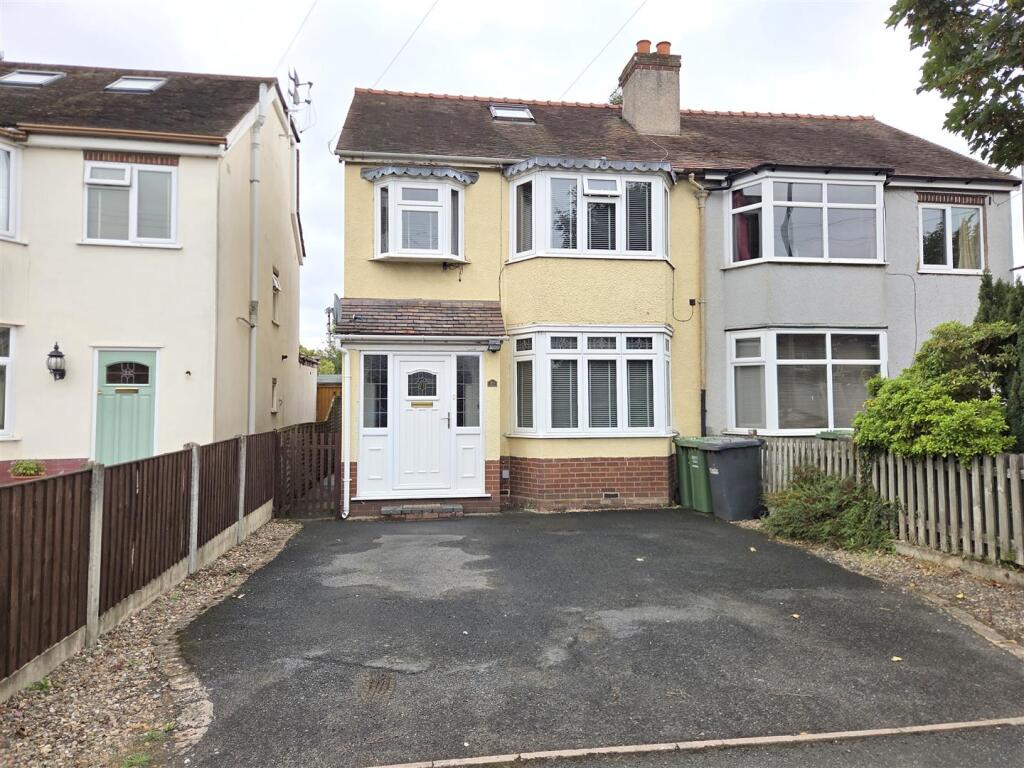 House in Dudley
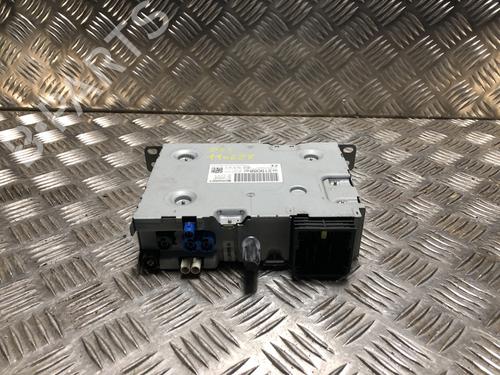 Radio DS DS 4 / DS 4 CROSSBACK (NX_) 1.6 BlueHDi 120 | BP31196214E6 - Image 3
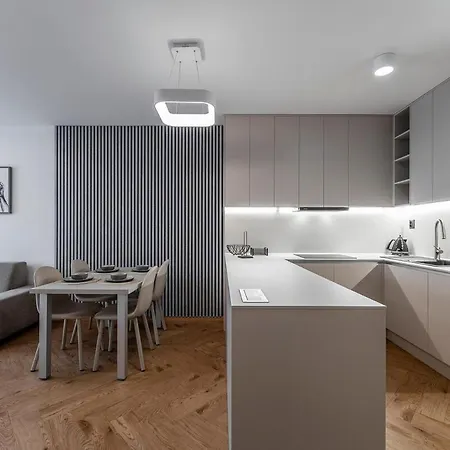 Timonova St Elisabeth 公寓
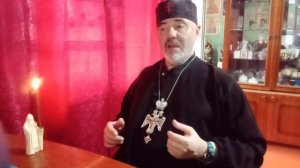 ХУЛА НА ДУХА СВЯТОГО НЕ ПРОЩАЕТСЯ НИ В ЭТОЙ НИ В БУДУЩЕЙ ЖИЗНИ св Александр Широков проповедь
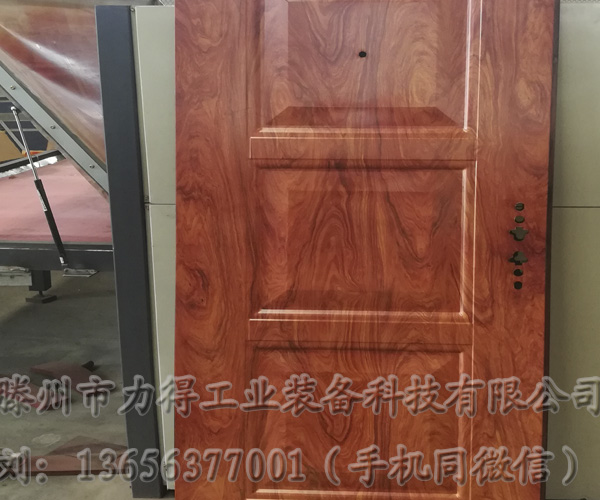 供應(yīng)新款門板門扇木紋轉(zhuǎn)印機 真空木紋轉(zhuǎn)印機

* What you should do:
Retype precisely, and only, the lines from the one holding "ХУЛА НА ДУХА" through the final line of the data above, with the pictures omitted.

* Problem solution:
 ХУЛА НА ДУХА СВЯТОГО НЕ ПРОЩАЕТСЯ НИ В ЭТОЙ НИ В БУДУЩЕЙ ЖИЗНИ св Александр Широков проповедь
 供應(yīng)新款門板門扇木紋轉(zhuǎn)印機 真空木紋轉(zhuǎn)印機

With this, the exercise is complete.